Brief -> Repeat the data below exactly, dropping any pictures it holds.

Exercise data ->
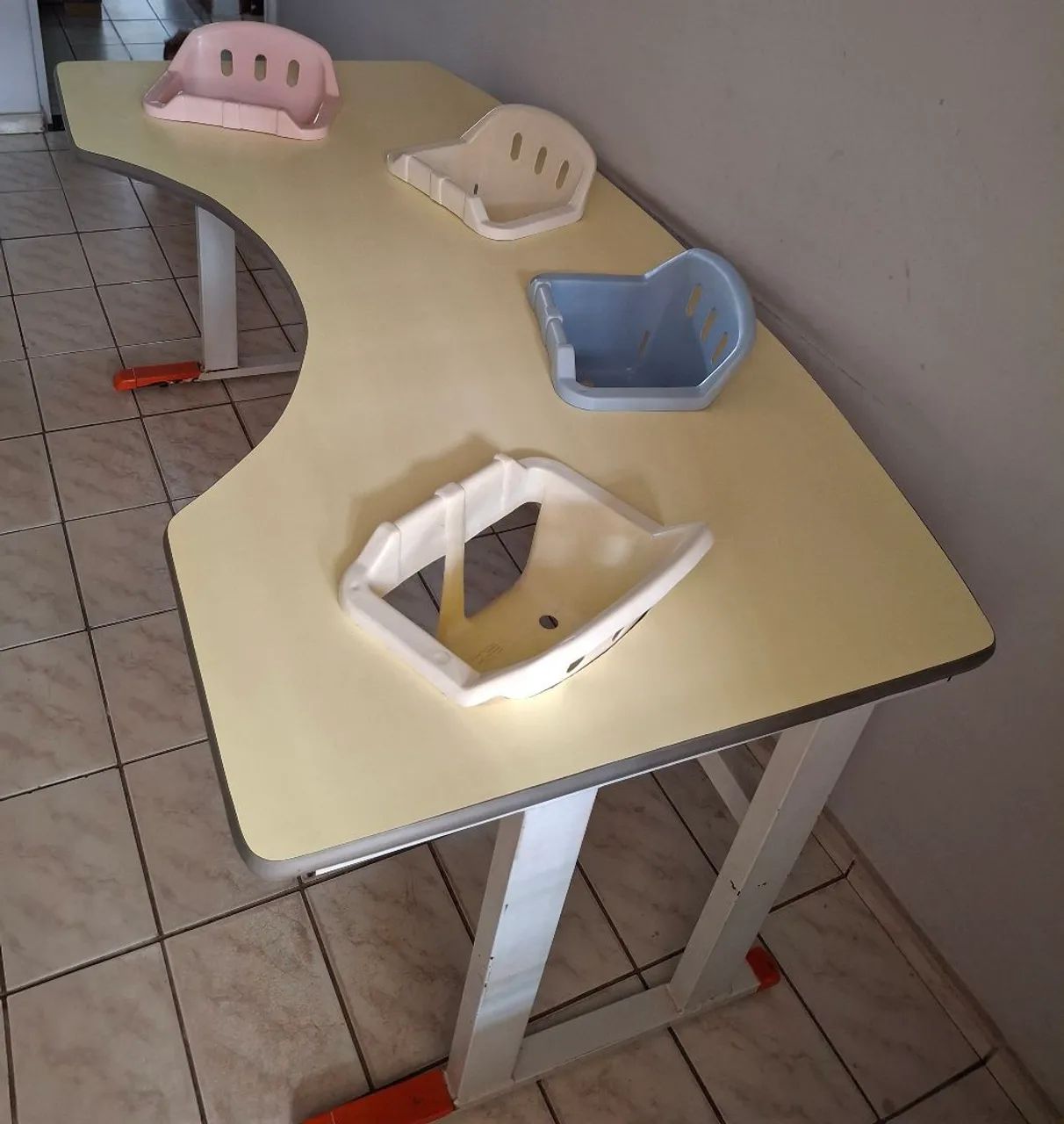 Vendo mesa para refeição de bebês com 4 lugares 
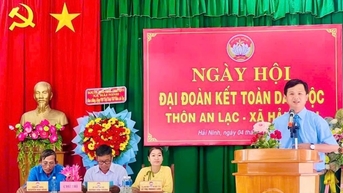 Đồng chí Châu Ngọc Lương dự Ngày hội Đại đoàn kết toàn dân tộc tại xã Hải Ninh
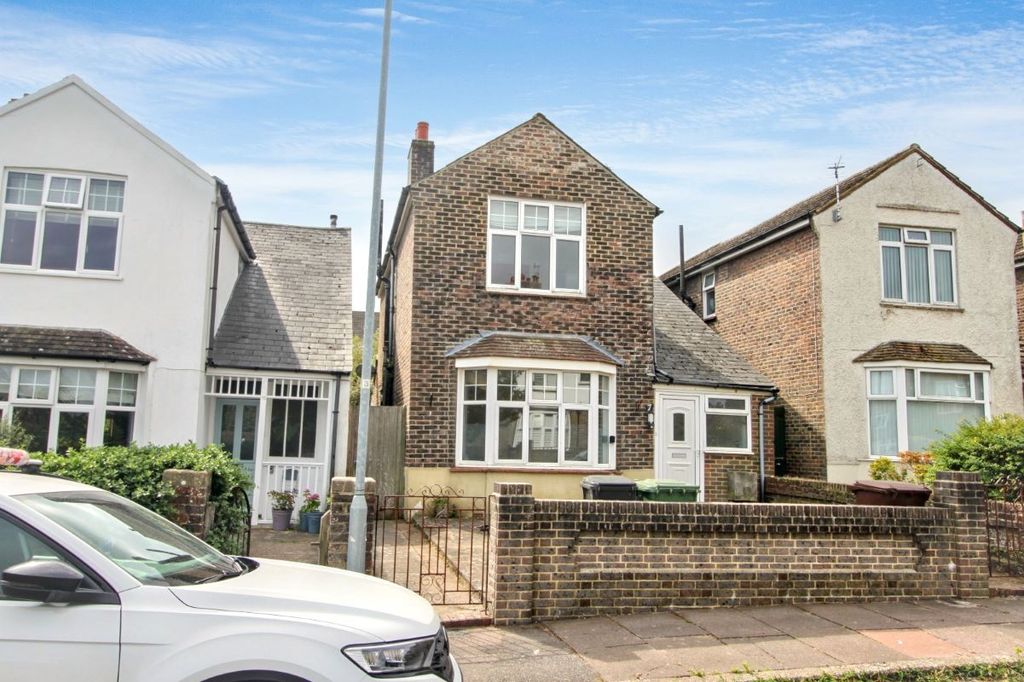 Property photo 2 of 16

Reply to the task ->
 Vendo mesa para refeição de bebês com 4 lugares 
 Đồng chí Châu Ngọc Lương dự Ngày hội Đại đoàn kết toàn dân tộc tại xã Hải Ninh
 Property photo 2 of 16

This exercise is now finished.